Le agevolazioni e gli sconti fiscali ammontano per complessivi 253 miliardi, che rappresentano per lo stato un minore introito, per effetto della minore base imponibile. E’ questo il risultato di mesi di monitoraggio del Tesoro, iniziato già quando al ministero c’era ancora il ministro Giulio Tremonti.
Sono le cosiddette “tax expenditures“, su cui ci si propone di mettere mano, per arrivare a un sistema di tassazione più razionale e lineare. In realtà, fanno sapere da Via XX Settembre, che 83 miliardi dei 253 sarebbero “intoccabili”, perché rappresentano previsioni legislative, per evitare doppie imposizioni e per conformarsi al diritto comunitario o ancora per adempiere ai principi costituzionali (vedasi detrazioni per figli a carico).

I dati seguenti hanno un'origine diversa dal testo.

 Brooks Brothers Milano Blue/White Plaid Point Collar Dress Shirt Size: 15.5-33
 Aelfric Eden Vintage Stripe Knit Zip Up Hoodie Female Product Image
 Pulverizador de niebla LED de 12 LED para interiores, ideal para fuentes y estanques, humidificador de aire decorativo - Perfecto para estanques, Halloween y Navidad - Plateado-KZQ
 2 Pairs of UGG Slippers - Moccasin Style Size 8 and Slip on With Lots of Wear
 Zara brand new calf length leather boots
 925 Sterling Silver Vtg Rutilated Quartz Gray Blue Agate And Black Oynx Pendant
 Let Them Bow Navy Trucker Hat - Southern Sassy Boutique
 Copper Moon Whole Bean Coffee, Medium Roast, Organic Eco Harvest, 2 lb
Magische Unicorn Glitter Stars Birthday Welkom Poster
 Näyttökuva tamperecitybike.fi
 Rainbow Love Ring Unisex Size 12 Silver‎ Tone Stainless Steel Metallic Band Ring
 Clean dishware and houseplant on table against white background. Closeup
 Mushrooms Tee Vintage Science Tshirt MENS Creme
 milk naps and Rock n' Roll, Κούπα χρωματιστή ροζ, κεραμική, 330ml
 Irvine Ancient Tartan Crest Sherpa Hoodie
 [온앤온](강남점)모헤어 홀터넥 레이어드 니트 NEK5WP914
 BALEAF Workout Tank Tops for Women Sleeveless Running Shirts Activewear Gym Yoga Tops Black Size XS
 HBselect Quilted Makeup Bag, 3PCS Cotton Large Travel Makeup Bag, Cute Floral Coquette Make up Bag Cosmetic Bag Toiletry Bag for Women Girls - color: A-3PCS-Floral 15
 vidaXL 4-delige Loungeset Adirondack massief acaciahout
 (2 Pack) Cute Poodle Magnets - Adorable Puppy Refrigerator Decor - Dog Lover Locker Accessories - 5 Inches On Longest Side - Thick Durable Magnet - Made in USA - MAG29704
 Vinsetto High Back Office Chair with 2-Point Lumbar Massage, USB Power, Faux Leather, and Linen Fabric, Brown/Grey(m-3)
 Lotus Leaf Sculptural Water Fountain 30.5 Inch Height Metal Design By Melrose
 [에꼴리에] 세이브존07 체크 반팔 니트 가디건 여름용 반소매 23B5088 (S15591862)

Ma restano 170 miliardi, che sono circa l’11% del pil e su cui il governo dovrebbe puntare per arrivare a un sistema di tassazione più leggero per tutti, anche se meno generoso nelle detrazioni e agevolazioni.
Pare che di questi 170 miliardi, il governo vorrebbe salvare le detrazioni in favore del lavoro e delle pensioni, così come alcune in favore delle imprese. Tolte queste, resta ancora un mare di entrate potenziali, che consentirebbero all’Italia di ridurre fortemente la pressione fiscale su lavoro e imprese, di raggiungere gli obiettivi di bilancio e persino di ridurre l’IVA, non di aumentarla.
Sembra un obiettivo troppo ambizioso per la politica dei governicchi italiani. Per il momento, sappiamo che il governo dovrà avvalersi della revisione delle agevolazioni, se vorrà evitare che entri in vigore il taglio lineare fino al 20% di tutte le detrazioni. Per questo, Monti ha previsto una clausola di salvaguardia, che farebbe scattare da settembre 2012 un aumento di due punti dell’IVA al 21% e al 10%, nel caso non si fosse già messo mano alla riforma.